DescriptionUnderactuated robots are mechanical systems with fewer control inputs than their degrees of freedom (DOF). Inverted pendulums, bicycles and walking robots are a few examples of such systems. Underactuated balance robots are underactuated robots that must perform the balancing and tracking tasks simultaneously. The balancing task requires the robot to maintain its balance around possibly unstable equilibrium points, while the tracking task requires it to track desired trajectories. For these competing tasks, a common guideline to design controllers is to identify a low dimensional subspace of the state space, called a latent manifold, on which the balancing and tracking tasks are consistent and compatible. The approach of latent manifold identification is called model reduction.
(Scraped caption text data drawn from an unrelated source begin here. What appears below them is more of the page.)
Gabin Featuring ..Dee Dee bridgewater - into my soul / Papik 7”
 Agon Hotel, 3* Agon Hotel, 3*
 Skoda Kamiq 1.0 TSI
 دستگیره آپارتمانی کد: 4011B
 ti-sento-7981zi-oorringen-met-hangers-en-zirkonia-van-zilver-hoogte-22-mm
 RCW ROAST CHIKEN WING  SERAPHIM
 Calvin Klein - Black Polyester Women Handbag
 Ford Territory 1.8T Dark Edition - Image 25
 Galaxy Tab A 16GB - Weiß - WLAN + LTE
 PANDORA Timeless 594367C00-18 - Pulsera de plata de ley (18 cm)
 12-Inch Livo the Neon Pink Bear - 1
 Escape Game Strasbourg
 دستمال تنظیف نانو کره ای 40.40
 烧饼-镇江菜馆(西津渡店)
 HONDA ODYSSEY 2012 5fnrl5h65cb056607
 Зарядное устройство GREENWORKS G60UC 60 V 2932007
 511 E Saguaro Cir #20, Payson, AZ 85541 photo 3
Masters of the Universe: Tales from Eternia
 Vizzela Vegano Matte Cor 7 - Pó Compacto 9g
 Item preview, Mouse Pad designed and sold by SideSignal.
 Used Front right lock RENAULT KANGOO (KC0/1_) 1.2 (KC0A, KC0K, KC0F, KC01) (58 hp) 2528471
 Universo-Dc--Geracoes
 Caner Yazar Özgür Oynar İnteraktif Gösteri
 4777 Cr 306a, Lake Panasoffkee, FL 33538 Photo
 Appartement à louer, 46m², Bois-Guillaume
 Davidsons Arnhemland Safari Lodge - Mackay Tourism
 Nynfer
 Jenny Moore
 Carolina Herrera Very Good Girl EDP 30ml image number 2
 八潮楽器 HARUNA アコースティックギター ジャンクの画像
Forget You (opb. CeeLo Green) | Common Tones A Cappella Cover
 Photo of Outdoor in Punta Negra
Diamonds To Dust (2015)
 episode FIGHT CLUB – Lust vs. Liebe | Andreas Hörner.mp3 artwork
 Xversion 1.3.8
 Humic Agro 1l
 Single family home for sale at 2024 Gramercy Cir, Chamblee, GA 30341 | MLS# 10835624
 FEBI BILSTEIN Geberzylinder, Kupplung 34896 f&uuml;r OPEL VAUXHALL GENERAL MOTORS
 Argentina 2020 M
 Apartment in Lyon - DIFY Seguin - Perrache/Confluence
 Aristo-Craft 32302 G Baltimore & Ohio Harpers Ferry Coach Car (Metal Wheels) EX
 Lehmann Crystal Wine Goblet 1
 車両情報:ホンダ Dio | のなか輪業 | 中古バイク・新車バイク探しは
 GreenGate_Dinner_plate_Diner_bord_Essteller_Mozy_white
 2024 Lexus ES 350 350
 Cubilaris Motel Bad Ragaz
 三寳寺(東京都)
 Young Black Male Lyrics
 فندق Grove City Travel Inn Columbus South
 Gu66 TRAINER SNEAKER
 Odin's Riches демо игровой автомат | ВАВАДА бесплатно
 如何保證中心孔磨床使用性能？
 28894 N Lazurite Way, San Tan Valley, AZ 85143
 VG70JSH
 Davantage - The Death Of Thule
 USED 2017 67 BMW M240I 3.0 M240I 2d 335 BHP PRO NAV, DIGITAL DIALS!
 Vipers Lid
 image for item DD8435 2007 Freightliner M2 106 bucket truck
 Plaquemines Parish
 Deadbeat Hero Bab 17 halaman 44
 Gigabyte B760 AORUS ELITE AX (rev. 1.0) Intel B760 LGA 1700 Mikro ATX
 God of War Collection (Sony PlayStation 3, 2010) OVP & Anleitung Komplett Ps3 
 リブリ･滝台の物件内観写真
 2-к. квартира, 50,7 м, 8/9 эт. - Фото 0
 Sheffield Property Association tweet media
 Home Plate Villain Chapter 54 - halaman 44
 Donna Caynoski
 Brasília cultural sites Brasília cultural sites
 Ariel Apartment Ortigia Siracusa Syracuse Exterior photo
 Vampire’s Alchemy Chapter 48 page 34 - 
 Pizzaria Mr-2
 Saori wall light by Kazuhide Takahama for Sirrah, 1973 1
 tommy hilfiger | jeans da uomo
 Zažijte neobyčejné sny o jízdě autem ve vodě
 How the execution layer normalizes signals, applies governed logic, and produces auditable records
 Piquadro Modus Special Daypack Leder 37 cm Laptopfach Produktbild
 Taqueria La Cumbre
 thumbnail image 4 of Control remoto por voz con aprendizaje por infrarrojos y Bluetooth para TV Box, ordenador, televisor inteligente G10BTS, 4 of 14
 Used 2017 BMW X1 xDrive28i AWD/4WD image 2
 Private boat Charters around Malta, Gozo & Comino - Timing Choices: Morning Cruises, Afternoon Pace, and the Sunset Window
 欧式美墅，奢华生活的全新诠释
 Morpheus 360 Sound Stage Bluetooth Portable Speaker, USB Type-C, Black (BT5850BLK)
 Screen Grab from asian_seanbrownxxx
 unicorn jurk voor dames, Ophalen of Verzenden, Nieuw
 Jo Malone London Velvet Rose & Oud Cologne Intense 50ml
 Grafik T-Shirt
Previous works apply model reduction to physical-principled models with well understood dynamics structures. This dissertation proposes machine learning-based model reduction approaches for modeling high dimensional robots, extracting balancing skills from demonstration data and
controlling robots with data-driven models.
Several aspects of machine learning make it attractive for use in model reduction and control applications for underactuated robots. First, the system dynamics learned from collected data can be more accurate than analytical models derived from physical laws. For high dimensional motion, it is also easier to build learning-based latent space models than any physical models. Second, a latent manifold that encodes balancing skill can be learned from the demonstrated trajectories. One application example is to transfer human walking skills to humanoid robots by enforcing humanoid robots onto the latent manifold identified from human trajectories. Finally, optimization-based controllers such as model predictive control (MPC) and reinforcement learning can be integrated with the learned model and applied to stabilize the learned open-loop dynamics onto the desired latent manifolds.
In this dissertation, we introduce a framework that integrates the physical-based robot model with the learning-based latent manifold model for high dimensional human limbs motion to achieve pose estimation of human-robot interactions. Human-bikebot interaction is used as an example to demonstrate the proposed approach. We extend the physical latent manifold-based controller to achieve biped slip recovery. We reveal the relationship between learning-based model reduction and physical-based model reduction for high dimensional dynamics such as human legged locomotion. One of our final goals is to design learning-based controllers to achieve biped walking and slip recovery. The balancing while tracking problem has been successfully solved by designing physical model-based controllers to stabilize the system state onto the balance equilibrium manifold (BEM). However, its application has been restricted to systems with well understood dynamics structures. In the last part of this dissertation, we adopt the BEM concept to design a learning model-based control framework. The system dynamics is identified without prior physical knowledge nor successful balancing demonstrations. The proposed framework achieves superior control performance compared to the physical model-based approach, and provides analytical performance guarantees. The works in this dissertation are demonstrated using multiple robotic platforms such as an inverted pendulum, a bikebot and a biped robot.